Another person who was in communication with Manchin’s office said the senator initially wanted the minerals to only be mined or processed in North America, a proposal even more limiting than what is in the current version of the bill.
That person said Manchin’s office had “been asking automakers for a really long time to give them” data on “what a reasonable on-ramp” would be for creating a domestic EV supply chain and that it’s unclear if those car companies understood “the only way to get the EV tax credit within this bill was having something like this.”
“I don’t think the automakers thought they were being serious,” the person said.
E&E News granted people familiar with the negotiations anonymity to speak candidly about the situation.
After embracing their deal with Manchin as a boon for climate action, congressional Democrats and the Biden administration now find themselves in a bind over manufacturing and minerals mandates.
As the bill heads to the House, lawmakers could placate the automobile sector and give companies more time or money to set up supply chains so they can comply with the tax credit or ditch the sourcing requirements entirely.
But that risks Manchin abandoning his colleagues on the larger reconciliation bill, costing the president and the Democratic Party a valuable legislative win ahead of a difficult midterm election.
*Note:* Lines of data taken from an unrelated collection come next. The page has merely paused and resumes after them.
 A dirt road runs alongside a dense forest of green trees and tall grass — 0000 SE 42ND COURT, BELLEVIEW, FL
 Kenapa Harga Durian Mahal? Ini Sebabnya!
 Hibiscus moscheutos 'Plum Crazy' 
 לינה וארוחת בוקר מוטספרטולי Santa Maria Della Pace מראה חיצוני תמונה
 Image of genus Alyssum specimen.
Politics aside, climate action from Congress is imperative for the planet, advocates say.
At this juncture, the auto sector has concluded many Americans will not be able to use the tax credit for years to come.
“A likely result of this bill (as currently constructed) is that a significant number of consumers will not able to take advantage of this credit in the early years when it is needed most,” John Bozzella, president and CEO of the Alliance for Automotive Innovation, said in a statement provided to E&E News.
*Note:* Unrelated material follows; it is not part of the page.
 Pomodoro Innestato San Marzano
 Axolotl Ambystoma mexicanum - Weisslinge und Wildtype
The Congressional Budget Office appeared to confirm that assertion in a budgetary analysis of the bill, estimating the EV tax credit would cost the government the equivalent of only about 11,000 vehicles on the market qualifying for it.
By 2030, the credit would only draw on the federal budget by enough to total just over 1 percent of the total vehicles sold in the U.S. last year, according to CBO.
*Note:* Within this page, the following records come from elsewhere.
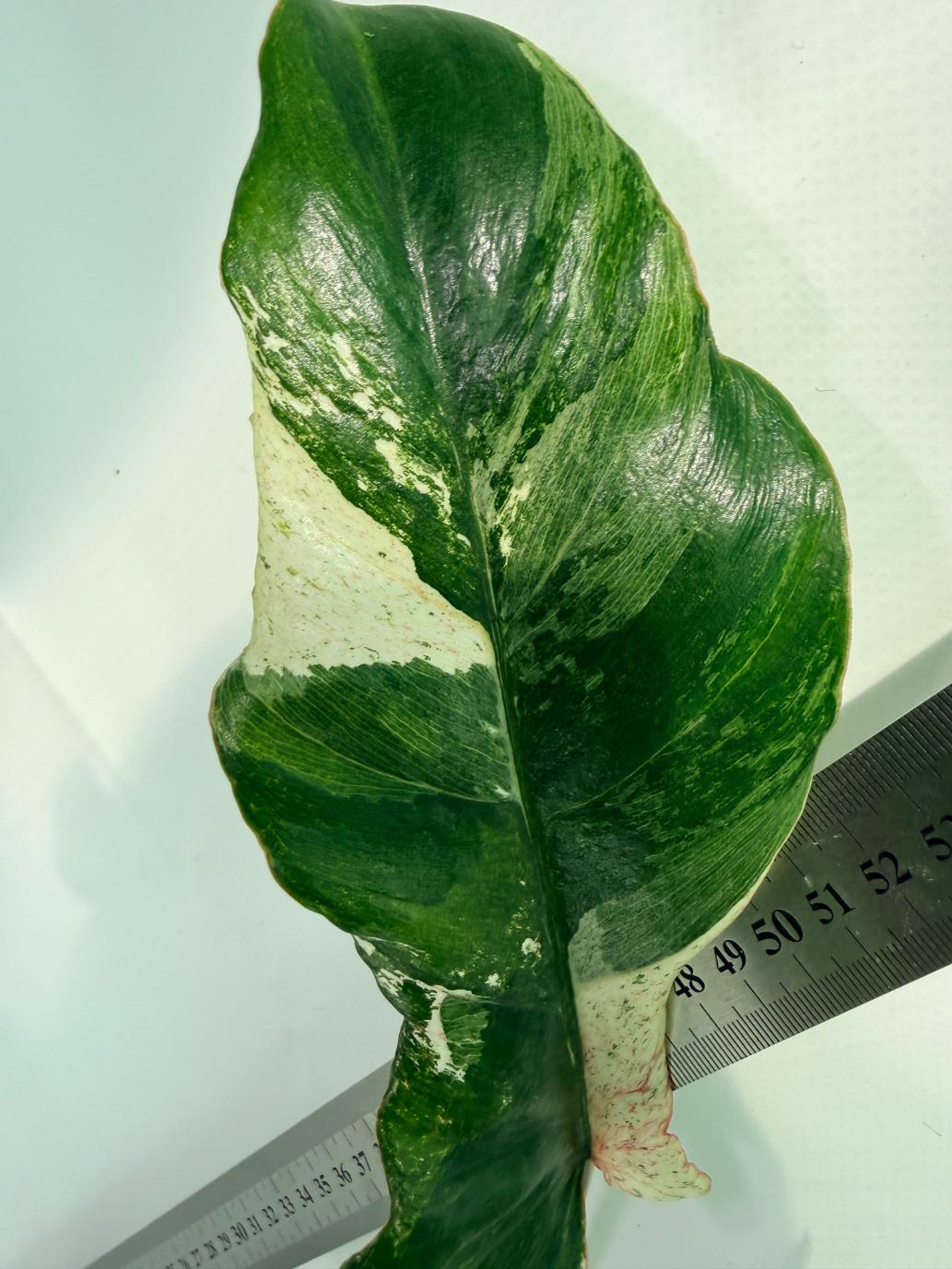 Philodendron snowdrift variegata 10
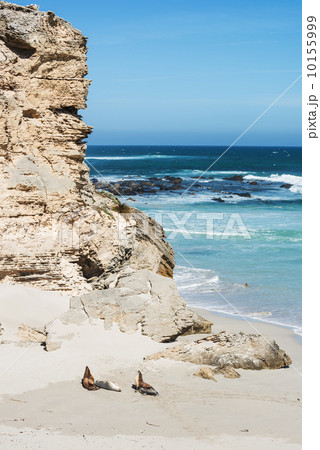 sea lions 10155999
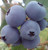 Blueberry 'Burst' 1.9L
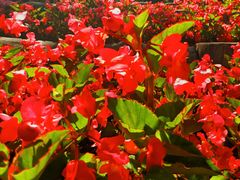 -黑龙江省森林植物园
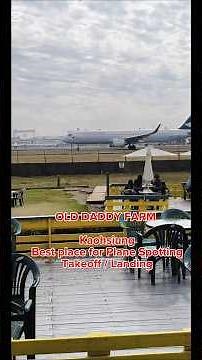 OLD DADDY FARM #shortsvideo #taiwan #airport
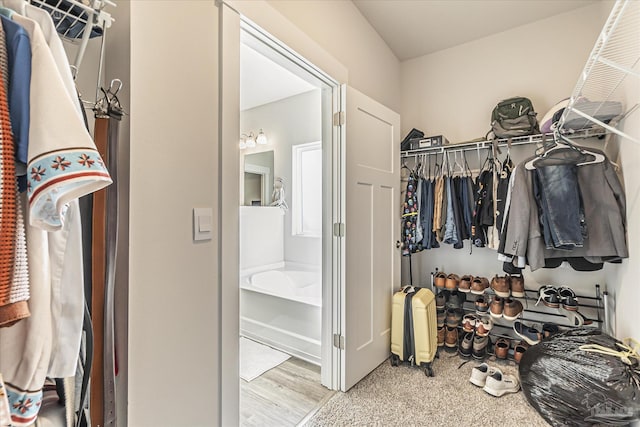 view of spacious closet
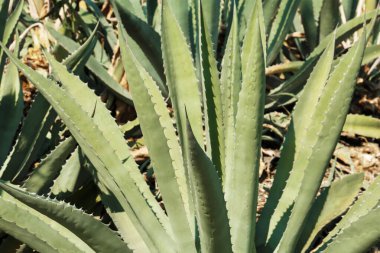 Güzel Agave yapraklarının yakın görüntüsü. Egzotik bitki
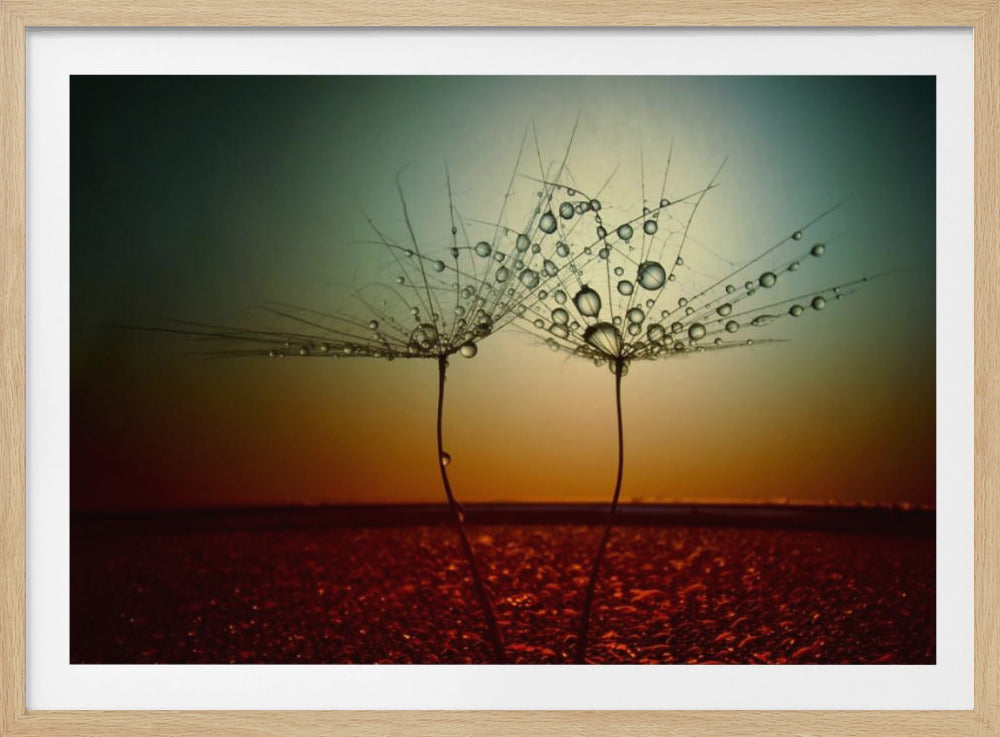 Feu et Eau | Affiche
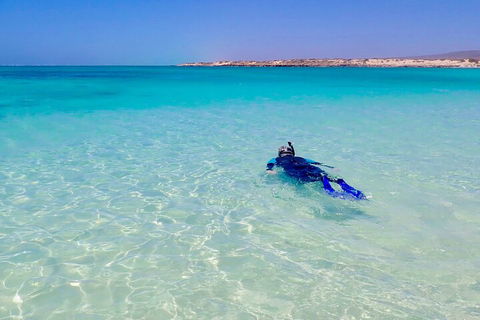 Ningaloo In A Day - Full Day Hike And Snorkel Tour With Lunch - Accommodation Bookings 4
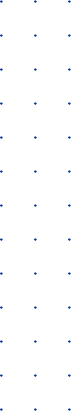 Vector Image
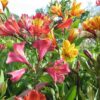 Alstroemeria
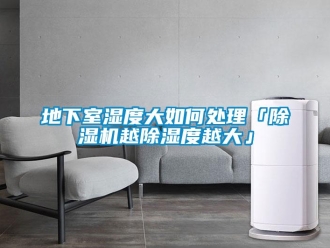 行业新闻地下室湿度大如何处理「除湿机越除湿度越大」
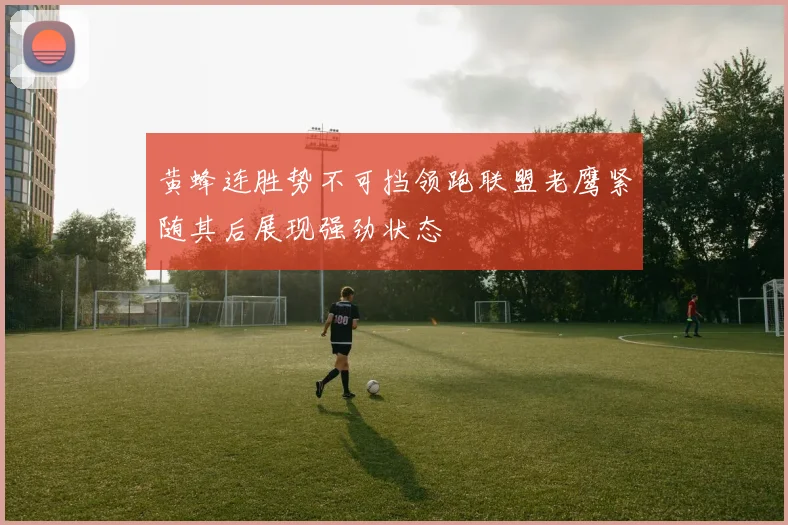 黄蜂连胜势不可挡领跑联盟老鹰紧随其后展现强劲状态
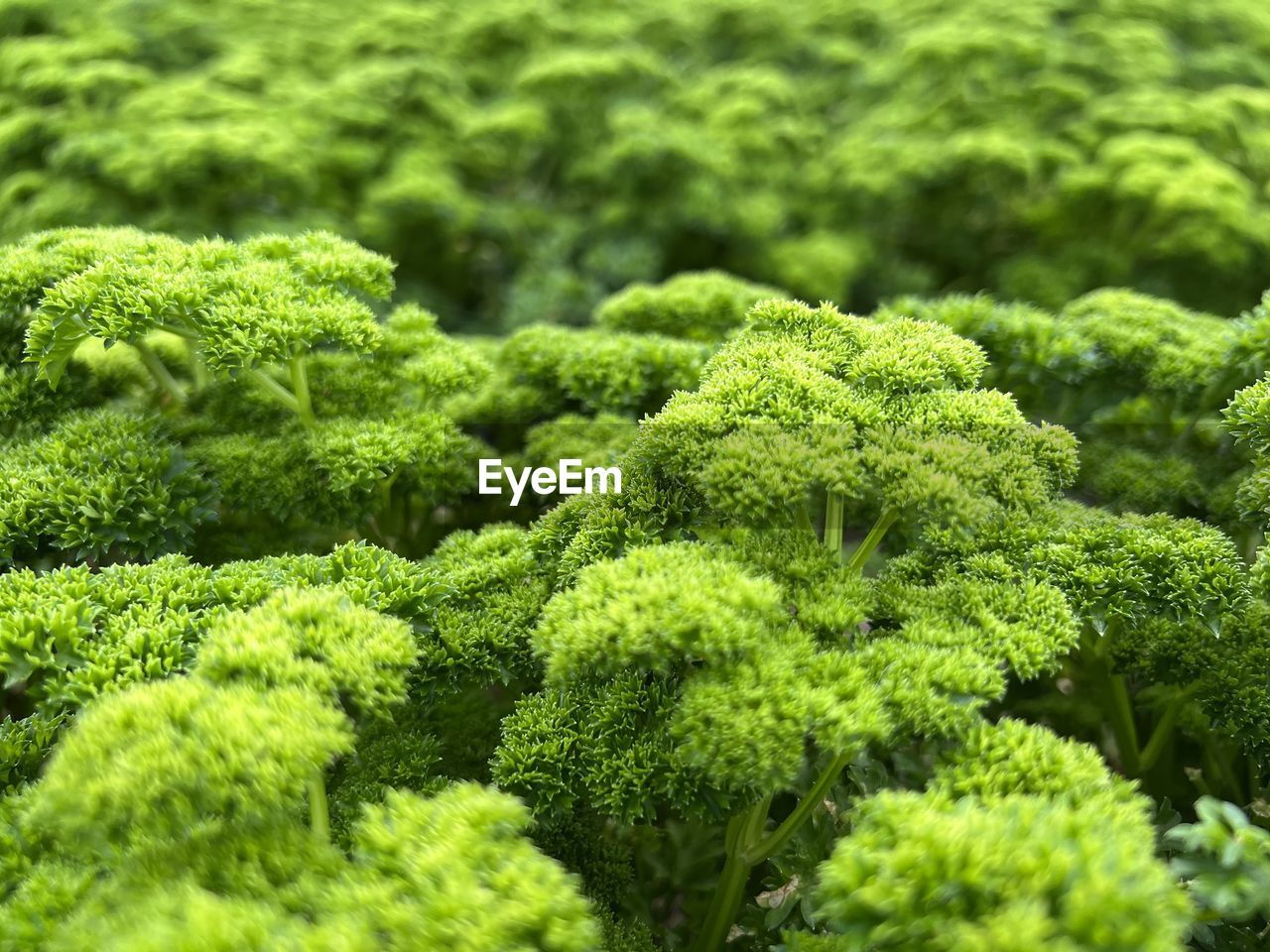 Full frame shot of green leaves, parsley field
Siding with Manchin could have benefits for U.S. climate action in the longer term by accelerating the creation of a domestic supply chain for electric vehicles, said Jordy Lee, program manager at the Payne Institute for Public Policy at the Colorado School of Mines.
Manchin is right, Lee said, when it comes to the risks of relying on China and other nations for minerals and EV parts.
“Overall, I think this isn’t a bad thing,” he said.
Still, there is a world Lee imagines where this language boomerangs on climate action by pulling the rug out from under electric car sales.
In that universe, the bill would pass, but auto companies simply wouldn’t be able to move fast enough. Then another shock to their existing supply chains would put electric vehicles further out of reach for middle-class consumers — as was the case after Russia invaded Ukraine (Greenwire, Feb. 24).
“Maybe the world won’t face shortages. Maybe these supply chains won’t be disrupted. Maybe production will increase to meet demand even if the U.S. doesn’t increase production to meet demand. But the reason these minerals are called ‘critical’ is because they’re vulnerable to supply chain disruptions,” Lee said, concluding: “There’s 100 percent a world where that exists.”